Au cours des deux dernières années, REP’ERE a collaboré, entre autres, à un programme sur le potentiel pédagogique des parcs urbains avec le Centre de la montagne et à la réalisation de la trousse À la découverte de Saint-Henri avec le Centre de formation sur l’enseignement en milieux défavorisés. Avec la TOHU, le Centre a aussi participé à la conception d’un projet pédagogique sur les enjeux environnementaux qui intègre les arts du cirque. Bref, l’éducation relative à l’environnement s’apprête à toutes les sauces!

« On éduque traditionnellement les personnes dans un rapport qui implique soi et l’autre, mais rarement en rapport avec leur environnement, qui fait pourtant partie de l’équation », affirme Lucie Sauvé, professeure au Département d’éducation et pédagogie, titulaire de la Chaire de recherche du Canada en Éducation relative à l’environnement et responsable du Centre REP’ERE.

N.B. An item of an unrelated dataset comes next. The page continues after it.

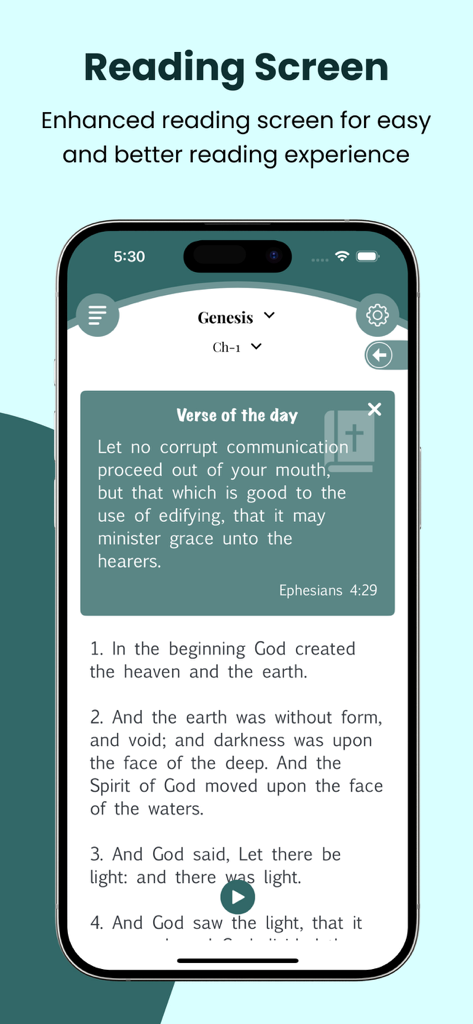 KJV Bible Audio - Holy Version - Pantalla de teléfono inteligente mostrando la interfaz de lectura de la Biblia KJV con una ventana emergente de Versículo del Día para Efesios 4:29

Les travaux de la Chaire, « limités » à la recherche scientifique et à la promotion de l’enseignement relatif à l’environnement aux cycles supérieurs, auraient pu s’avérer suffisants, si ce n’était de l’engouement grandissant des Québécois pour les différentes causes environnementales… et de l’engagement citoyen de sa titulaire. « J’ai tissé des liens avec différents milieux au fil des ans et je trouvais important de répondre à leurs demandes de collaboration, qui s’accroissaient sans cesse », explique-t-elle.

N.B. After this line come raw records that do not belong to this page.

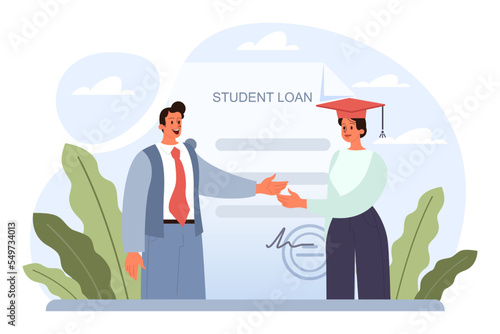 Education loan. Student characters paying debt for education.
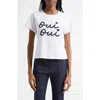 Cinq À Sept Cinq A Sept Rhinestone Oui Oui Tee In White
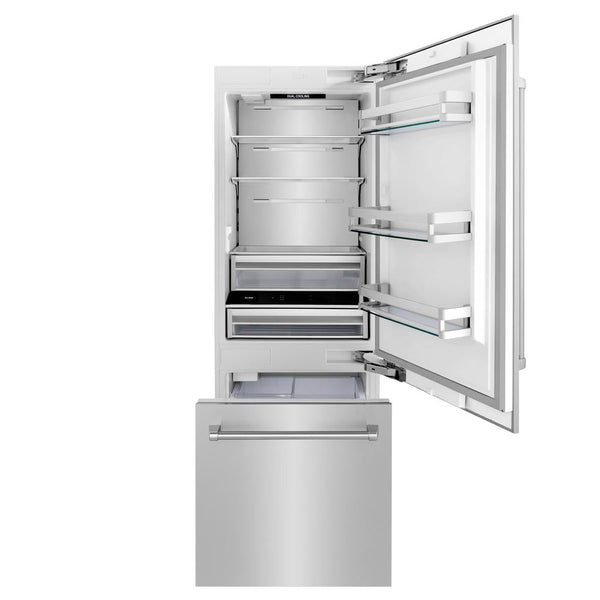 ZLINE 30" 16.1 cu. ft. Built-In 2-Door Bottom Freezer Refrigerator with Internal Water and Ice Dispenser in Stainless Steel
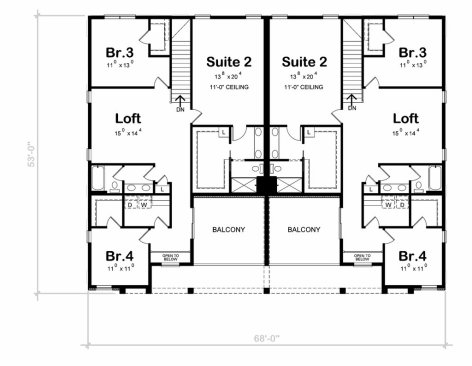 Modern Duplex Plan with In-Law Suite - Upper Floor Plan. See Details at Houseplans.com.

Pour répondre à tous ces collaborateurs potentiels, Lucie Sauvé s’est tournée vers la Fondation de l’UQAM. Pouvait-on l’aider à dénicher un mécène qui lui permettrait de mettre sur pied le centre dont elle rêvait ? Gaz Métro a accepté de faire partie de l’aventure et le Centre REP’ERE a pu voir le jour en 2004. 

« Le montant de 100 000 $ sur cinq ans octroyé par Gaz Métro est le souffle vital de notre service aux collectivités, qui s’ajoute à l’infrastructure de la Chaire », explique-t-elle. Il permet d’accueillir des enseignants, animateurs, interprètes et autres éducateurs qui œuvrent dans des milieux d’intervention variés : milieux scolaires et institutionnels, milieux communautaires, musées, centres d’interprétation, parcs, ONG, etc. Ces derniers peuvent consulter l’un des 3 000 documents traitant d’éducation relative à l’environnement réunis par la Chaire dans son centre de documentation, y compris les enregistrements des séminaires, conférences-rencontres et colloques grand public que celle-ci a organisés depuis sa création. Surtout, ils peuvent bénéficier du soutien d’une quinzaine de chercheurs, prêts à s’investir dans différents projets à titre de concepteurs, d’experts-conseil ou de collaborateurs. 

« La diversité de nos champs d’intérêt, par exemple le design pédagogique, l’éducation populaire et communautaire ou la didactique des sciences, constitue notre plus précieux atout », ajoute Lucie Sauvé.